_Task goal_: Each line of the records below that contains "Binocular" needs to be copied.

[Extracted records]
*** Block opens ***

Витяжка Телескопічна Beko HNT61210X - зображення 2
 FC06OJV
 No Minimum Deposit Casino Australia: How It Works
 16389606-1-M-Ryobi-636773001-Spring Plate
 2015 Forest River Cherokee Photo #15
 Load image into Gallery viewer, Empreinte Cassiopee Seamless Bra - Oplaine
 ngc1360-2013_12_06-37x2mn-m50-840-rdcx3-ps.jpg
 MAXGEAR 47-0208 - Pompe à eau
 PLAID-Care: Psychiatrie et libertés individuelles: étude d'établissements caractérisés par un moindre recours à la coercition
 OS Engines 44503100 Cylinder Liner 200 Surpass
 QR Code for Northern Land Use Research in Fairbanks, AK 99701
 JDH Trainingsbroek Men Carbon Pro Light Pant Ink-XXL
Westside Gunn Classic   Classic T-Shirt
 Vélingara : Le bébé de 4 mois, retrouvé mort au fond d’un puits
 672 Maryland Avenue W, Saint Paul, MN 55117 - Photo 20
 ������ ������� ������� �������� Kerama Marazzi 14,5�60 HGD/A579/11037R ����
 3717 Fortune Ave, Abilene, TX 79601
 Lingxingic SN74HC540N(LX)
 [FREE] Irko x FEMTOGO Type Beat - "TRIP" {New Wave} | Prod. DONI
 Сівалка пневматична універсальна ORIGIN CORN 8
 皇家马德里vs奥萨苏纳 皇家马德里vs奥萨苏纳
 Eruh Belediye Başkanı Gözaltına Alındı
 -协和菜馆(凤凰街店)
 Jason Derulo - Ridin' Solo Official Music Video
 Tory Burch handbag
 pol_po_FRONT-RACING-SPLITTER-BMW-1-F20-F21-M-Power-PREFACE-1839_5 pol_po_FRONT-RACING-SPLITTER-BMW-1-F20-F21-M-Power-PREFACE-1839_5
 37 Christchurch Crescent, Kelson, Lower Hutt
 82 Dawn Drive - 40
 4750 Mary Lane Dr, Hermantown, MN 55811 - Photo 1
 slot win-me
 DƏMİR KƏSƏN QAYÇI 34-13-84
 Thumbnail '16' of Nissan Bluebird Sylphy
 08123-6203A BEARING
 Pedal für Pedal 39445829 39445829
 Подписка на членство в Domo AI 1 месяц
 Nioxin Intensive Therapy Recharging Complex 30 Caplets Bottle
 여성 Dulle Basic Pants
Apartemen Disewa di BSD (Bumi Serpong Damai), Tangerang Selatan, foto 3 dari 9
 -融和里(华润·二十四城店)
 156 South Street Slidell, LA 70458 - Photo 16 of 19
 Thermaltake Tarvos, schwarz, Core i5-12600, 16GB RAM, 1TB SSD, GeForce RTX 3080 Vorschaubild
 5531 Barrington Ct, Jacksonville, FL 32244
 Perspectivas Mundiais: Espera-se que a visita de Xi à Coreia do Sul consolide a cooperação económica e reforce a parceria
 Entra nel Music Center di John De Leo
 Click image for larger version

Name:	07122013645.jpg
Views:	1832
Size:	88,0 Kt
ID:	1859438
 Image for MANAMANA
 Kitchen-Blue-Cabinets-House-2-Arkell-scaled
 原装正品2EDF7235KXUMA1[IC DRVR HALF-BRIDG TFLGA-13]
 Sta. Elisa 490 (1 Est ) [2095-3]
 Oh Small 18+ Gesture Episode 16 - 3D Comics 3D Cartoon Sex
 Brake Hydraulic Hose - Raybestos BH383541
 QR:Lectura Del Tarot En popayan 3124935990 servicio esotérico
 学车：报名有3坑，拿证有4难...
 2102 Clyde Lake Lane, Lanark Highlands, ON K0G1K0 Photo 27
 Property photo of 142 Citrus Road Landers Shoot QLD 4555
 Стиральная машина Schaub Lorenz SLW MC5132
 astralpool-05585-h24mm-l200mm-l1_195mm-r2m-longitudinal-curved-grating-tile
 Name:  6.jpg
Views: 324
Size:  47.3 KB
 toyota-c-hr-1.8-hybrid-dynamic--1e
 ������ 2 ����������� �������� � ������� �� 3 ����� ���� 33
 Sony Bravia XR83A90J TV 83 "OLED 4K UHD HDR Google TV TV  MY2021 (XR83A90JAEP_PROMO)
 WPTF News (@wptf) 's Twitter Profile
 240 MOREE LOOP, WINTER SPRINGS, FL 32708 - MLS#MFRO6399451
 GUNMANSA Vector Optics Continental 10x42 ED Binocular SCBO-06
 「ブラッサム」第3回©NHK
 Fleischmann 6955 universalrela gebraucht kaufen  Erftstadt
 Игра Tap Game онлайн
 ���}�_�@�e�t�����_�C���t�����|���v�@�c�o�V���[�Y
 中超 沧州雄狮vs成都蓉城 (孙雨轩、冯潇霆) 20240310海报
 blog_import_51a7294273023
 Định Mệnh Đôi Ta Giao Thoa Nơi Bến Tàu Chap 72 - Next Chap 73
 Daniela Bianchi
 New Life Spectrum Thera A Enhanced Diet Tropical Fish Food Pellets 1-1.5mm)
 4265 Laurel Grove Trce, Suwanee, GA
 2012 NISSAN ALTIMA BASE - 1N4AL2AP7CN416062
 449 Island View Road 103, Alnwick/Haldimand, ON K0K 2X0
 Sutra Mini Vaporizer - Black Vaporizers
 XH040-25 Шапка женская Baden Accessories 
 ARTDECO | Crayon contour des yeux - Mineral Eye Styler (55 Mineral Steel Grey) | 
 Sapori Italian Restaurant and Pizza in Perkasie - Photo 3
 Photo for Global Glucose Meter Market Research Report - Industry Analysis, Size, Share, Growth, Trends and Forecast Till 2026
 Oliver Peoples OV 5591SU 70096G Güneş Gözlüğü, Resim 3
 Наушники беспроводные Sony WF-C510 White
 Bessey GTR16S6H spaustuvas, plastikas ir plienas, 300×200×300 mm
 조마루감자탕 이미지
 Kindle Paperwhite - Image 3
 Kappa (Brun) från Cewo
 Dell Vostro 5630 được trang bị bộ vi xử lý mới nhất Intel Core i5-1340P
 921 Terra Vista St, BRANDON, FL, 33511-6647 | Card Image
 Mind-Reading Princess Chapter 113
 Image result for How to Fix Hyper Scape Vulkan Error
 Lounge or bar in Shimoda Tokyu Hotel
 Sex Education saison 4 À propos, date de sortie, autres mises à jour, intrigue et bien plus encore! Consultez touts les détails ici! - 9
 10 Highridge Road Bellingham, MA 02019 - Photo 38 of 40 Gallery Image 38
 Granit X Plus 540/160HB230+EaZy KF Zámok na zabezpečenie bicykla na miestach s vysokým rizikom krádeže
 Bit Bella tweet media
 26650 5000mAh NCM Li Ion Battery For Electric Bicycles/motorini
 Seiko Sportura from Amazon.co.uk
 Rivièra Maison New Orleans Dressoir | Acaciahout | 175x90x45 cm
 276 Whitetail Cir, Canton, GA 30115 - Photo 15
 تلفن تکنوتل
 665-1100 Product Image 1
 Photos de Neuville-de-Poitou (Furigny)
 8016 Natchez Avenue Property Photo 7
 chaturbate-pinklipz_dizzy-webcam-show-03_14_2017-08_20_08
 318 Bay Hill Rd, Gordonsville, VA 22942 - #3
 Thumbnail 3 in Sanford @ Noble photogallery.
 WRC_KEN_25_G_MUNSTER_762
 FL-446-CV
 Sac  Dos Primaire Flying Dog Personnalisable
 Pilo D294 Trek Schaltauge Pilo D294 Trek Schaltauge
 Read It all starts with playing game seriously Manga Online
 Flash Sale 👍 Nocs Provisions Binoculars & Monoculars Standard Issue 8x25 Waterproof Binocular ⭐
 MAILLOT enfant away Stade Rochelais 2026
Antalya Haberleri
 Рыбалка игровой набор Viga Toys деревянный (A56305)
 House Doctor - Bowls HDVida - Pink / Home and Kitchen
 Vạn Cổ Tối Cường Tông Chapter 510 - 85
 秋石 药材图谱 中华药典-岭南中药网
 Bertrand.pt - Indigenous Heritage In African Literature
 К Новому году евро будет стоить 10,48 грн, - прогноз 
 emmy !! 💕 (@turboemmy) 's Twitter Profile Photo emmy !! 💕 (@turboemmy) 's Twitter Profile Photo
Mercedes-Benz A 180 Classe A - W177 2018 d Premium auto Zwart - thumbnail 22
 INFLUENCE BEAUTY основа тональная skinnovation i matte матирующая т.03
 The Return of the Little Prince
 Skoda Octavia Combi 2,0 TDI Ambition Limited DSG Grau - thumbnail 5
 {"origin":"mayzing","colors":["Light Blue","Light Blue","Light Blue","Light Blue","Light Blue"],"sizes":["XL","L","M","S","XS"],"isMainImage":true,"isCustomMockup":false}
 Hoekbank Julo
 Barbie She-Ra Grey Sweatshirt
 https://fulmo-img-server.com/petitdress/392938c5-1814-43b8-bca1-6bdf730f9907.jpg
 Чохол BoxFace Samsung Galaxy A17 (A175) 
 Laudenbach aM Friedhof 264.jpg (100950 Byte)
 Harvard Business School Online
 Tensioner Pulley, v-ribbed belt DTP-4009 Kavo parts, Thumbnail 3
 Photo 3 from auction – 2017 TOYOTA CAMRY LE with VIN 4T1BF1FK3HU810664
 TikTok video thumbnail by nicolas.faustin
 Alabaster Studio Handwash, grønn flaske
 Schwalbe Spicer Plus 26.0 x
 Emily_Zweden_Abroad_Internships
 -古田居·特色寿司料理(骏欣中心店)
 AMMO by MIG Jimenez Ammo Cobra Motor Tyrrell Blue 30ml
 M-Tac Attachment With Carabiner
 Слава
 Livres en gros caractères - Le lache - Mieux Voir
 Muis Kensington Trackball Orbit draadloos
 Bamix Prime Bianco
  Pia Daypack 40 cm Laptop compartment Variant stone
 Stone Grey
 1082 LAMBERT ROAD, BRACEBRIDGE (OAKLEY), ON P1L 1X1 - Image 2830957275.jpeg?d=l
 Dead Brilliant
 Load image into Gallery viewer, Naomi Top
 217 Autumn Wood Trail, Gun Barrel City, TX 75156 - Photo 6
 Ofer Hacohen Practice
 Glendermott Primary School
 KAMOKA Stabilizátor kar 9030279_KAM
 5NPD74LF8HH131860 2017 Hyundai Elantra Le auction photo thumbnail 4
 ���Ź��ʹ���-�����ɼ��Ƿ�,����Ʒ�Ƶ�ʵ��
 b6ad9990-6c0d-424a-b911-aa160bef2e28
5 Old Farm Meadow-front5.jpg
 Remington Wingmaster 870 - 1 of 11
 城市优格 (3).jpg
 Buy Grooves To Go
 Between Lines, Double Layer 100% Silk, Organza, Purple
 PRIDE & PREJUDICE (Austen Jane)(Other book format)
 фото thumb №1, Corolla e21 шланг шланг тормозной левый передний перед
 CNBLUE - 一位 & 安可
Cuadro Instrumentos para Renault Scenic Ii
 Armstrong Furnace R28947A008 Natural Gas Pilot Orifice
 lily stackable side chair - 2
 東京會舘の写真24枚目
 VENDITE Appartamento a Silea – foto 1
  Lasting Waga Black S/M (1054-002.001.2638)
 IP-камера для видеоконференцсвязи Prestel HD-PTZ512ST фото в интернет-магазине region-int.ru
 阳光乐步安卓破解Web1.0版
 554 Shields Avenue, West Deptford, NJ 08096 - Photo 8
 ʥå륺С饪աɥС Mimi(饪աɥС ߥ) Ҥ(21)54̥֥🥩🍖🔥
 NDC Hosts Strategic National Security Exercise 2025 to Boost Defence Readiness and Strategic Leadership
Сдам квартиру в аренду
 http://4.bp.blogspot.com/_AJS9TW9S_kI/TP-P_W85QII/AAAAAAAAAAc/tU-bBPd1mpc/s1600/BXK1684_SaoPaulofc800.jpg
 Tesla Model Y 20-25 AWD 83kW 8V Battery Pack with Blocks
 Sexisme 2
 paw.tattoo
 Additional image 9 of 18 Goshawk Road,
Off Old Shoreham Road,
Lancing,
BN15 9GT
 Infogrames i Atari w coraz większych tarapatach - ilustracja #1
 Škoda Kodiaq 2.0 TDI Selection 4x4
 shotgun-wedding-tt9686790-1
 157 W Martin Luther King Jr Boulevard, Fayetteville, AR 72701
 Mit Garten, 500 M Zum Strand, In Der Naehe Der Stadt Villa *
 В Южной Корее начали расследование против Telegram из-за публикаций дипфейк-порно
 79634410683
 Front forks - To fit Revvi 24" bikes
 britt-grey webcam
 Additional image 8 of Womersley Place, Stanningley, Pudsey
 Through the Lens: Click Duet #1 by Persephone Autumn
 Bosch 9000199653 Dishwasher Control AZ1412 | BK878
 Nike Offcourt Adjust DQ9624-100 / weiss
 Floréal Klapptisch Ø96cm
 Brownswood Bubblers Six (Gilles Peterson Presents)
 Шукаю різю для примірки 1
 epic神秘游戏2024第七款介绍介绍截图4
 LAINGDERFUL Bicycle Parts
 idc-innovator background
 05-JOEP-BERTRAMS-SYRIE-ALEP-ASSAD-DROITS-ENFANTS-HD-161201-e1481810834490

*** Block closes ***

_Task result_:
 GUNMANSA Vector Optics Continental 10x42 ED Binocular SCBO-06
 Flash Sale 👍 Nocs Provisions Binoculars & Monoculars Standard Issue 8x25 Waterproof Binocular ⭐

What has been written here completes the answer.